Program uses cyberspace to reach in-demand Chinese instructors.

First in an occasional series.

The other day, 14-year-old Nathan Flath may have set the long-distance record for a Chinese take-out order.

It happened when Ning Wu looked Flath, a Quakertown Community High School freshman, directly in the eye and asked what dishes he wanted to order.

Flath hesitated, then said, "Zheng jiao," the Chinese words for steamed dumplings.

"Is that enough?" Wu asked, coaxing him to order more.

But Flath couldn't remember the Mandarin words for Beijing duck, Coca-Cola, bottles of beer, and other menu items that Wu had taught him. "You have saved lots of money," Wu said, laughing. "You spent no more than one U.S. dollar."

Actually, Flath didn't spend one cent or get any steamed dumplings, since student and teacher were 12 hours and 6,800 miles apart. When Flath logged on to a school computer in Bucks County at 10:15 a.m., Wu was sitting in a Beijing office at 10:15 p.m.

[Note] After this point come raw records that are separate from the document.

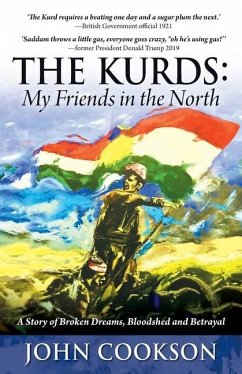 The Kurds: My Friends in the North - Cookson, John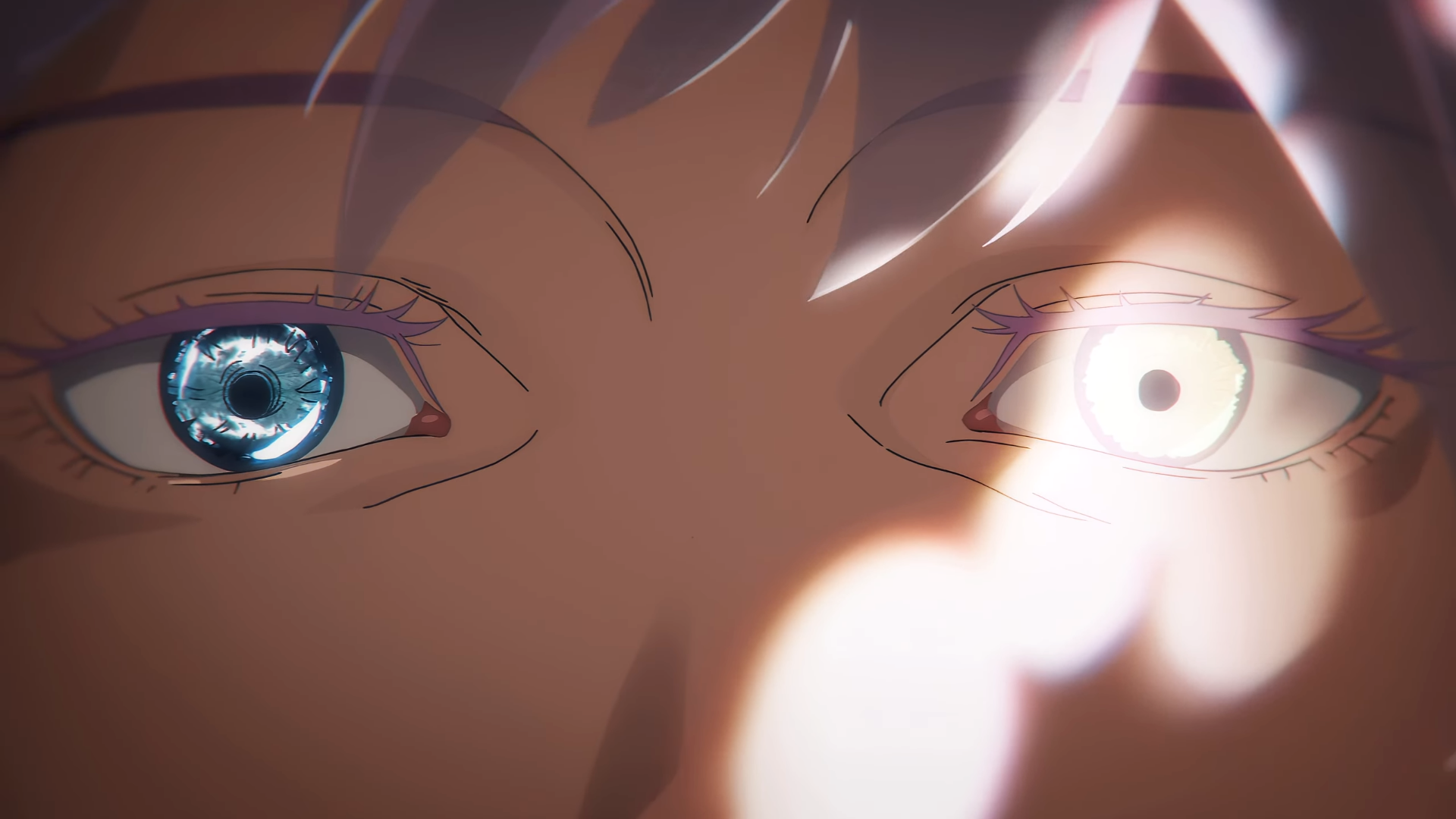 Satoru Gojo from Jujutsu Kaisen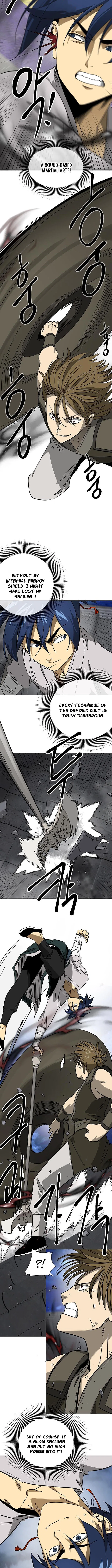 Infinite Level Up in Murim Chapter 272 – Page 12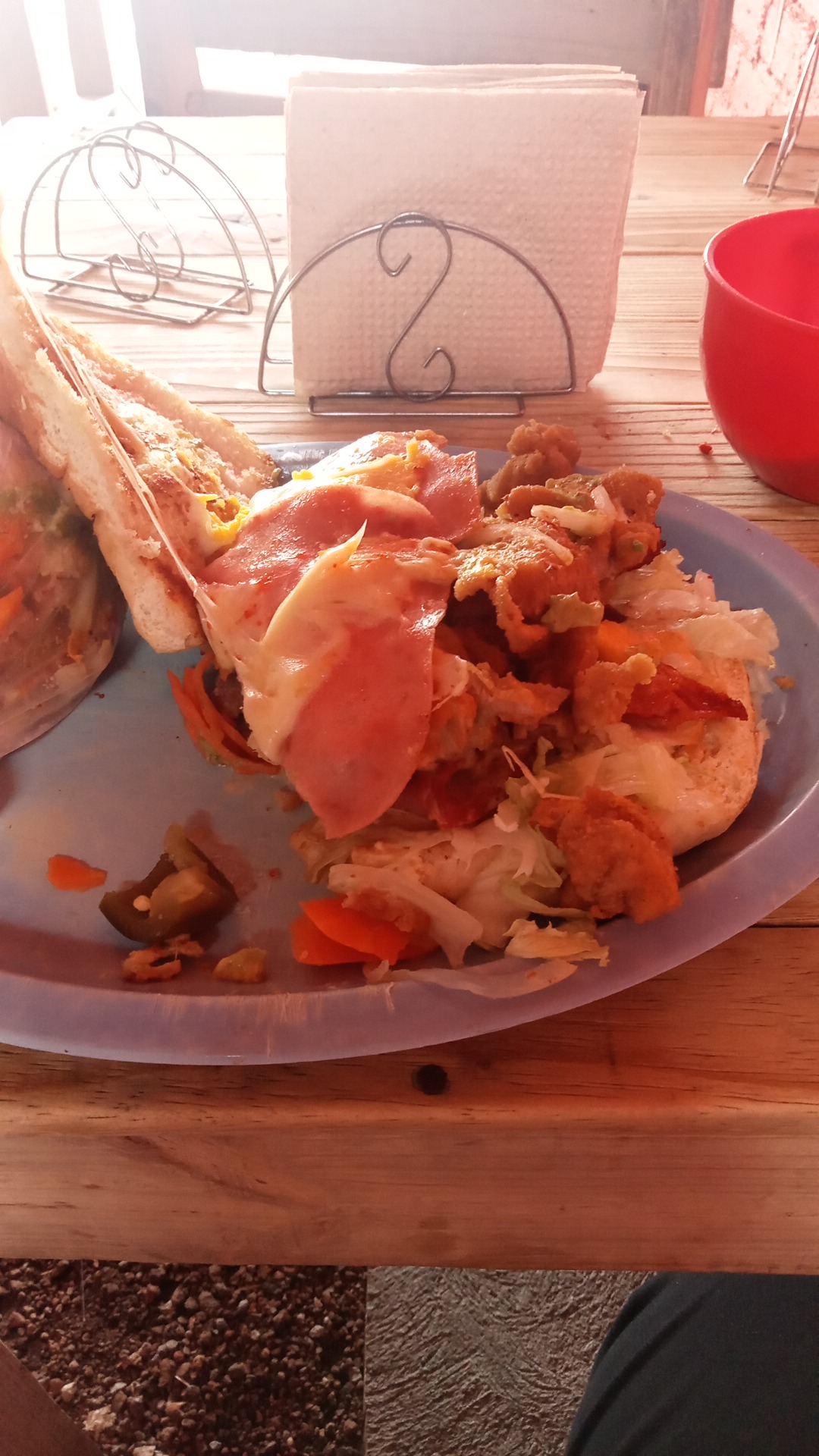 MEGA TORTAS "La Avestruz" image 3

The cyberspace program, MyChinese360, is believed to be the only Chinese-language course in the United States that conducts real-time lessons via Web cam with instructors halfway around the globe.

It's also a powerful example of how schools are trying to prepare students for the global economy of the 21st century, despite a great wall hindering Chinese language instruction in the United States - a dearth of teachers.

Quakertown signed up for the program at a cost of $600 per student in September, taking its cues from the kids.

"We asked them, 'Why Chinese?' " Superintendent Lisa Andrejko said. "They go, 'There are six billion Chinese people.' They look at you like, 'Why wouldn't we want this?' They seem to be more in tune with what's going on in the world than adults are."

Flath called the class a "great opportunity," though he was still not sure for what. He noted, however, with unusual sophistication: "A large percent of the population is Chinese. That's where most of the market is."

The demand from American students to learn a Chinese language - barely a blip on the radar screen a decade ago - has exploded in tandem with the South Asian economy. Meanwhile, schools in Pennsylvania, New Jersey, and elsewhere have struggled with the huge gap between this surge and limited numbers of qualified teachers.

Just 20 Chinese-language teachers were certified between 2006 and 2009 by the Pennsylvania Department of Education, which was unable to provide an overall number.

New Jersey has 40.

"What would be the attraction," Andrejko asked, "for a Chinese-certificated teacher to come to Quakertown" rather than a big city?

Lots of districts are struggling with the new demand.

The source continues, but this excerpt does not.